Desde el lado de la Lepra, Sebastián Villa fue el encargado de tomar la palabra. El delantero, con una larga trayectoria en clásicos del fútbol argentino, reconoció la magnitud del encuentro pero insistió en el clima con el que debería vivirse. “Es un clásico muy importante para la provincia y se tiene que tomar de tal manera, pero ante todo, sin violencia, respetándonos unos a los otros. Vamos a dar todo por Independiente Rivadavia, pero siempre en paz y en armonía”, expresó.

Por el lado del Lobo, Diego Mondino fue contundente en el mismo sentido. El capitán blanquinegro convocó a las hinchadas a vivir el partido como una fiesta y dejó en claro que la intensidad quedará adentro de la cancha. “Va a ser un partido durísimo, competitivo, como cada clásico, pero va a quedar ahí. Disfruten, que hace mucho que no se da un clásico en la Ciudad con dos equipos en Primera”, pidió.

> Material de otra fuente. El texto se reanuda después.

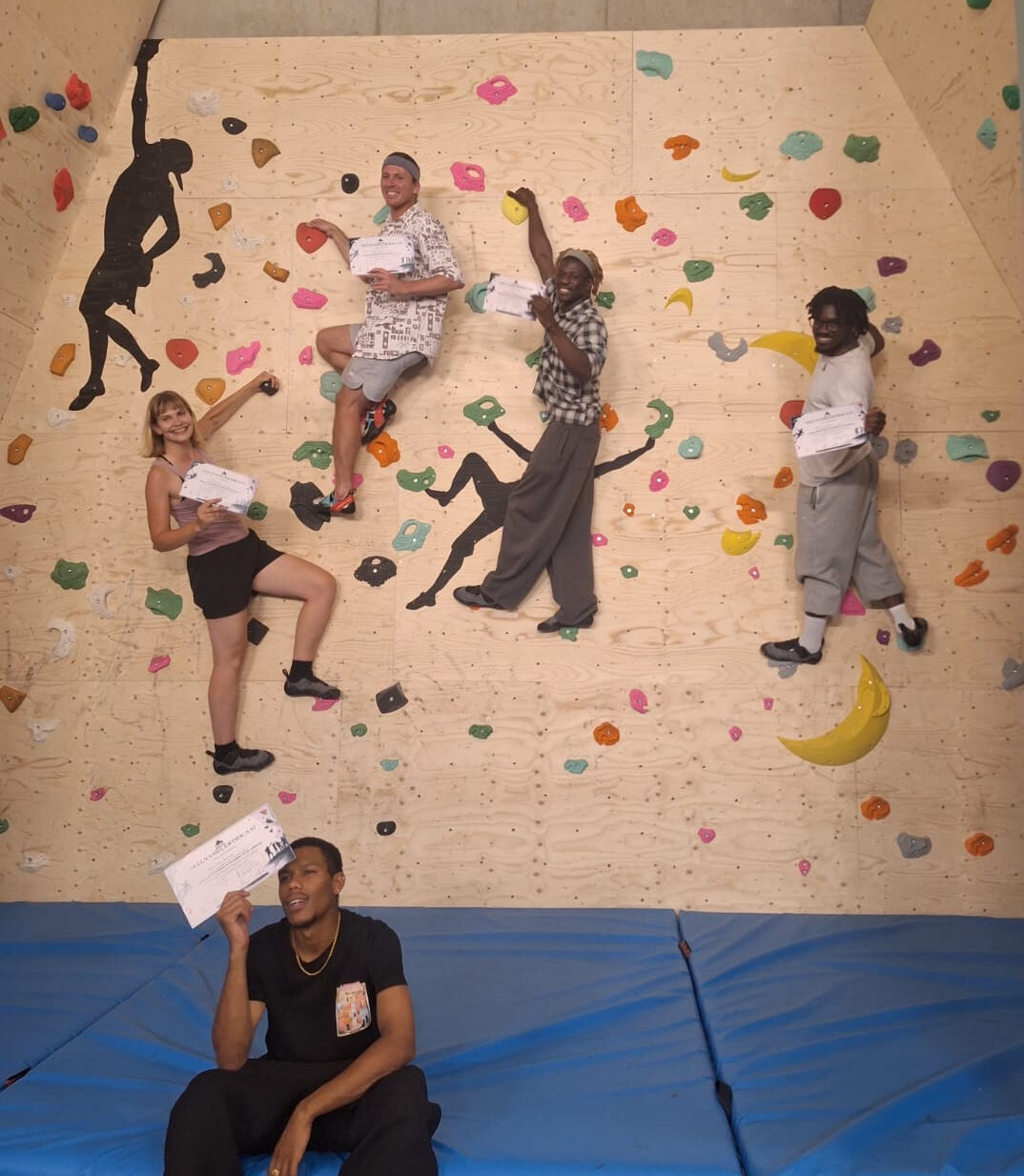 IMG-20260812-WA0005 Vijf deelnemers poseren met hun certificaat op de bouldermuur na de opleiding boulderen bij VZW Erat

La dirigencia también tomó protagonismo en el acto. Agustín Vila, desde Independiente Rivadavia, planteó que más allá de los colores, este partido es una oportunidad para defender a toda la provincia. “Es un honor que Mendoza tenga dos equipos en Primera. Lo principal es el respeto, el disfrute y volver a ponderar el fútbol mendocino para siempre”, señaló. Juan Pablo Civit, desde Gimnasia, sumó que el clásico es una vidriera para mostrarle al país lo que es el fútbol mendocino, y recordó que un día antes ambos clubes ya se habían cruzado en Reserva, en un clima de fraternidad y respeto mutuo.